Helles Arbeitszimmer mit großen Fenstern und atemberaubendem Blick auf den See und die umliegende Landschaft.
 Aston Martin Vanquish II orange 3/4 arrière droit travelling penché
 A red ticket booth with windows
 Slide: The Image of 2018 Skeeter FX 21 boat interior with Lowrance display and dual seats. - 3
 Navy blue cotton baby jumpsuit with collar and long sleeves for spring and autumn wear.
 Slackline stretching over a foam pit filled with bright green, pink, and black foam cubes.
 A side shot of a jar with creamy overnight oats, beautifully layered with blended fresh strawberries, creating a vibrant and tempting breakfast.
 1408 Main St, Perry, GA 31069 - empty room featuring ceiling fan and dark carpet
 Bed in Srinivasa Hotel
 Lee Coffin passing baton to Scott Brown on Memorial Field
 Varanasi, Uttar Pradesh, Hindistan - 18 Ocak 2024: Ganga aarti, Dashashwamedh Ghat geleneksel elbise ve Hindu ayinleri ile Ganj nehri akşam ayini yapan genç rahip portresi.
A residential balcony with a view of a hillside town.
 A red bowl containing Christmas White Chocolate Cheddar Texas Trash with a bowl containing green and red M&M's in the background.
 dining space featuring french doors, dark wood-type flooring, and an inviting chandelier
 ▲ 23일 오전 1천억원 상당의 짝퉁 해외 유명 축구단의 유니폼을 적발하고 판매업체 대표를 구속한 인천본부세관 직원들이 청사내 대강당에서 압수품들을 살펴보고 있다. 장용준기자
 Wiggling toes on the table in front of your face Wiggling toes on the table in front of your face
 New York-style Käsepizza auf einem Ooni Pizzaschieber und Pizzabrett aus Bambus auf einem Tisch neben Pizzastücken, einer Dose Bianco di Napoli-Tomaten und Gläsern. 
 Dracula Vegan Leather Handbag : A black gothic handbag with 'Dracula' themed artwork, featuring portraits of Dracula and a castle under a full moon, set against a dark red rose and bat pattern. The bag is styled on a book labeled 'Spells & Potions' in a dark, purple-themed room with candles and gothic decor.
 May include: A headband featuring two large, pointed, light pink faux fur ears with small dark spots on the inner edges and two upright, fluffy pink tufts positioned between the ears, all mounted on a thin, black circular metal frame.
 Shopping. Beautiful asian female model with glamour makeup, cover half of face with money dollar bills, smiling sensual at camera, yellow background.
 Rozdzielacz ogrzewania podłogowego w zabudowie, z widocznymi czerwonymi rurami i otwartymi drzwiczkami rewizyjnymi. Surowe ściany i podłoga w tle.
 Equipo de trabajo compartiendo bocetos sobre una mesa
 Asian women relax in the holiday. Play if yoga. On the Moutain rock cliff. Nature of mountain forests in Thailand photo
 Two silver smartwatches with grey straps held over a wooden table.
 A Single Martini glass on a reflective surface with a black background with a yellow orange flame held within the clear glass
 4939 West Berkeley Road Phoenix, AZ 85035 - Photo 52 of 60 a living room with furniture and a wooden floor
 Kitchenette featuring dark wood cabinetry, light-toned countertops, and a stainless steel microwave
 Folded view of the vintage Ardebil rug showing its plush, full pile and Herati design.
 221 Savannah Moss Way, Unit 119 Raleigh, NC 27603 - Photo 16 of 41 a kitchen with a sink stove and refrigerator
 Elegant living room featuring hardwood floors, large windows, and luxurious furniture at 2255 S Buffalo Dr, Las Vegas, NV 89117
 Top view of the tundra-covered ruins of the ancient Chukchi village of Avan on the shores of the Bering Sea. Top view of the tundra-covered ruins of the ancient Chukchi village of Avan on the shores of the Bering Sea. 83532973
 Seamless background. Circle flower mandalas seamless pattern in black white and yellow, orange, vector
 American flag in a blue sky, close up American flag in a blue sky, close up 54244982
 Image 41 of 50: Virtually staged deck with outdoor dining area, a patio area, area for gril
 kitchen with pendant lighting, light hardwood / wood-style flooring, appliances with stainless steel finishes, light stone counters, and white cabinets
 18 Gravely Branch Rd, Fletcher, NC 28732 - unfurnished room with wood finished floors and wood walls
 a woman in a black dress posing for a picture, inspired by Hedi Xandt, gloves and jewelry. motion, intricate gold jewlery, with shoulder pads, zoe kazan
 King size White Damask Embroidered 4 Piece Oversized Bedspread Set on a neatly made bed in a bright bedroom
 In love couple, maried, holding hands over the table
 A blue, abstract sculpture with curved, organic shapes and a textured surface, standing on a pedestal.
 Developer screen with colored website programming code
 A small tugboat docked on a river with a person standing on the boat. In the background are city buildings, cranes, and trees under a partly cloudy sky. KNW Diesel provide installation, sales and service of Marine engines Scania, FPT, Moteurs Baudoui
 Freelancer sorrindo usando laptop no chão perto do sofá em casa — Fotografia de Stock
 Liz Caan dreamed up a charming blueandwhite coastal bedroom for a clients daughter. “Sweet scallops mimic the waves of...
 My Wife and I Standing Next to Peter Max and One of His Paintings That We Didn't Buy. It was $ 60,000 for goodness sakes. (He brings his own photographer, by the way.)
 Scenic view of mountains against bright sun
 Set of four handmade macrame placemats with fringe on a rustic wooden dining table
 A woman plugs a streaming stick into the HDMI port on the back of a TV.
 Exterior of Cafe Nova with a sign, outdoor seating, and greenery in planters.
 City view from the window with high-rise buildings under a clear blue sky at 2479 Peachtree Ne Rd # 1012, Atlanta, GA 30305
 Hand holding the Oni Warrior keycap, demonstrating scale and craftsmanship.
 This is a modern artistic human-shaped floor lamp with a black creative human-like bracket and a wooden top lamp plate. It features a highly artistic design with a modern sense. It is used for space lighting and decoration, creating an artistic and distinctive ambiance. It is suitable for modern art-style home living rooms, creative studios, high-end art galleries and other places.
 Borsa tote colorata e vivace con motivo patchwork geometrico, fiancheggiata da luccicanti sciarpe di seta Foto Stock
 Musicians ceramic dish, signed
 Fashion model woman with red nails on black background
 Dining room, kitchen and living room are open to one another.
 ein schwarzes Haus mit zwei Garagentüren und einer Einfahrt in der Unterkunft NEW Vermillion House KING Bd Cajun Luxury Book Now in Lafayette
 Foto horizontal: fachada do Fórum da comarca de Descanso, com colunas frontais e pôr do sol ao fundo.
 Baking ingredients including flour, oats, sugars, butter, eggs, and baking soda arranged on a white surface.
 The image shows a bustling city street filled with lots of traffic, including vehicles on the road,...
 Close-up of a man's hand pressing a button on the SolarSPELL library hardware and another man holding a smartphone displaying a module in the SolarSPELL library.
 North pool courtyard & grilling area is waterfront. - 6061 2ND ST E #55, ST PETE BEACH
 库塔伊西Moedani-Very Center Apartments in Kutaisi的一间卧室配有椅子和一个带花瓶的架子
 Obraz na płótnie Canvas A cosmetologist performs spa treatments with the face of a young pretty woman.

____

▶ ACTIVITY: Look above for the line containing "Foto horizontal: fachada". Output from there through the line containing "库塔伊西Moedani-Very Center Apartments", exactly and inclusively.

▶ RESULT BELOW:
 Foto horizontal: fachada do Fórum da comarca de Descanso, com colunas frontais e pôr do sol ao fundo.
 Baking ingredients including flour, oats, sugars, butter, eggs, and baking soda arranged on a white surface.
 The image shows a bustling city street filled with lots of traffic, including vehicles on the road,...
 Close-up of a man's hand pressing a button on the SolarSPELL library hardware and another man holding a smartphone displaying a module in the SolarSPELL library.
 North pool courtyard & grilling area is waterfront. - 6061 2ND ST E #55, ST PETE BEACH
 库塔伊西Moedani-Very Center Apartments in Kutaisi的一间卧室配有椅子和一个带花瓶的架子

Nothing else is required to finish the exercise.